Data excerpts

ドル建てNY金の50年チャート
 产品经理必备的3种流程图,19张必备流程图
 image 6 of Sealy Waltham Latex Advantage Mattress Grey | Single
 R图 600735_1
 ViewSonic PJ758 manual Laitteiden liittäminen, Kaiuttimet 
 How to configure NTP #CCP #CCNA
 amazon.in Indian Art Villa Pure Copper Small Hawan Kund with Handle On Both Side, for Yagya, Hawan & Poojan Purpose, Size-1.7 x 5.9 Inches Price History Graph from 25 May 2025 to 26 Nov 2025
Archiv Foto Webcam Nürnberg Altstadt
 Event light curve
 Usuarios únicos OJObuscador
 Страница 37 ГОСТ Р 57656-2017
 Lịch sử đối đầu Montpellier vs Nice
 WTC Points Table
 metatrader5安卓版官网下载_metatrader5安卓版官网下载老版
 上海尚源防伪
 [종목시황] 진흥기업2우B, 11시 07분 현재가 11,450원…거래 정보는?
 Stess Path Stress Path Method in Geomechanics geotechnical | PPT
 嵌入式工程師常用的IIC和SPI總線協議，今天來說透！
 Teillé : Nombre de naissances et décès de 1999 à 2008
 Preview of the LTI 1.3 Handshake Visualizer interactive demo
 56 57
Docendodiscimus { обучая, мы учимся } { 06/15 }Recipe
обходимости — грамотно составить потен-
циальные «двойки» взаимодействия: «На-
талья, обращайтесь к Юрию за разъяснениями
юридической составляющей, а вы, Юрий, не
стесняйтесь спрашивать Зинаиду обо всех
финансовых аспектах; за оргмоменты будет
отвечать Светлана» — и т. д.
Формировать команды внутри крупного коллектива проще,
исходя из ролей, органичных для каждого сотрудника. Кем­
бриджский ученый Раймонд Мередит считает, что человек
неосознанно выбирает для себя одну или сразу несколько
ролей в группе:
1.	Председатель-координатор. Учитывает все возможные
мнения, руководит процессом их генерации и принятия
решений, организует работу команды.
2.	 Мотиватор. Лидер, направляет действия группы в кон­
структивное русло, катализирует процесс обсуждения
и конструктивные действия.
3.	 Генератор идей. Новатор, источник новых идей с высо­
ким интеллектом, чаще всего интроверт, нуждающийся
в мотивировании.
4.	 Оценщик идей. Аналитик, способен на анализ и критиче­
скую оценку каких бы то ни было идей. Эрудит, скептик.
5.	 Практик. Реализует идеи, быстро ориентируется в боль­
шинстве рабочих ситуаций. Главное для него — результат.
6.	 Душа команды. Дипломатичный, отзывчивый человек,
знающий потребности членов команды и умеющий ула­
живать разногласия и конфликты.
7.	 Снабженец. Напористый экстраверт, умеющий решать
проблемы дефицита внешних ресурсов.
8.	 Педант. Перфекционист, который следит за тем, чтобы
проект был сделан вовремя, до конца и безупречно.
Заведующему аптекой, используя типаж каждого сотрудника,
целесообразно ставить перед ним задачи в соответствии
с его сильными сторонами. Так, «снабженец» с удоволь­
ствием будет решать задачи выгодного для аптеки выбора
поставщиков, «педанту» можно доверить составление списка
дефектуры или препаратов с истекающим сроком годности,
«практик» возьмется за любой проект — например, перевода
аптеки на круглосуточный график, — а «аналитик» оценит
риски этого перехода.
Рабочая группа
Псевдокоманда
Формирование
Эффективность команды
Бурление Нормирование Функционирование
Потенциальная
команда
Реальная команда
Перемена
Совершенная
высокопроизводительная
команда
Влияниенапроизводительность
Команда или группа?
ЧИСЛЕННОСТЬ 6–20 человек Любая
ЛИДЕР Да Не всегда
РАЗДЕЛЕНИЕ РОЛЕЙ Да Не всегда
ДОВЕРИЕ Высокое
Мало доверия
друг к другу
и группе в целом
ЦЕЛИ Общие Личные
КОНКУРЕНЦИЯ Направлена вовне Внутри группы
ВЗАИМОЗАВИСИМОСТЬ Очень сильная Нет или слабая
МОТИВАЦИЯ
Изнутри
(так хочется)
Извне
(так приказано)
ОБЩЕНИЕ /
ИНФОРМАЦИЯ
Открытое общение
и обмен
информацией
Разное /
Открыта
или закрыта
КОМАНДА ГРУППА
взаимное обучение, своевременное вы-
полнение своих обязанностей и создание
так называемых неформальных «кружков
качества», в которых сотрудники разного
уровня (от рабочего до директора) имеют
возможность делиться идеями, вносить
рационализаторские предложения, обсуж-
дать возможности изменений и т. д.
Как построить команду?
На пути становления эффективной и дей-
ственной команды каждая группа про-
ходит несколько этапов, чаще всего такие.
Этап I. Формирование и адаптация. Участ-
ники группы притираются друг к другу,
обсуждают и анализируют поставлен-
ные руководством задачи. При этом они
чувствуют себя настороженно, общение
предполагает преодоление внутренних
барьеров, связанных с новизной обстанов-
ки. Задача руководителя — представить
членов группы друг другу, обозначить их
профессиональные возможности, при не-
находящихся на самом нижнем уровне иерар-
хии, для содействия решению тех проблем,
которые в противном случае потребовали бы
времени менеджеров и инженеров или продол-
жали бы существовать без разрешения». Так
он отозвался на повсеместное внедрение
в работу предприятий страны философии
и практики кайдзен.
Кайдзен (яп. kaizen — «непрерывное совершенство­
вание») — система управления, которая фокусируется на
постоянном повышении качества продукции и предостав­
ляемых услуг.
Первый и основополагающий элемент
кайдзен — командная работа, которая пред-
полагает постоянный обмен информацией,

ACTIVITY:
Every line in the data that holds "будет" should be copied out.

TASK OUTPUT:
финансовых аспектах; за оргмоменты будет
ствием будет решать задачи выгодного для аптеки выбора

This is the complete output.